J.-M.M.: Le volet principal du développement, c’est d’augmenter la réception de conteneurs et donc accroître le potentiel du TMDC. Mais il faut aussi maintenir ou conforter les trafics énergétiques, qui sont plutôt rentables pour le port. S’il est bien fait, le PPRT, Plan de prévention des risques technologiques, doit valider les sites Séveso dont la raffinerie. Ce qui doit asseoir le trafic énergétique dans la durée. En ce qui concerne la consommation de ressources fossiles, le gaz a bien des avantages puisqu’il dégage moins de CO2 que le charbon ou le pétrole, et n’est pas en voie d’épuisement. Il a plutôt 200 ans devant lui. Et le gaz est bien mieux réparti dans le monde que le pétrole. On parle bien de l’après-pétrole, mais pas de l’après-gaz. L’énergie du gaz a de l’avenir! On a des projets: on interroge nos clients sur leurs usages du GNL à l’horizon 2015. On a un projet de chargement par camion de gaz desservant les autres ports dans la perspective d’utilisation du GNL comme carburant par les navires, en réponse à la directive européenne imposant des combustibles à moindre teneur en soufre.
JMM: EN PRÊCHANT POUR SA PAROISSE, LE DIRECTEUR DU TERMINAL MÉTHANIER NE RISQUE-T-IL PAS UN CONFLIT D’INTÉRÊT AVEC LE PRÉSIDENT DU CONSEIL DE DÉVELOPPEMENT?

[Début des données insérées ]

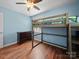 This room is equipped with wood floors and features a gray bunkbed at 427 E 12Th Ave, Gastonia, NC 28054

J.-M.M.: Non. Je suis président de l’ensemble du conseil de développement, qui m’a élu, pas spécialement de la place portuaire. On ne se place pas dans une logique d’intérêts particuliers mais de bien commun. Développer le conteneur, maintenir les trafics énergétiques, tout en soutenant les éoliennes.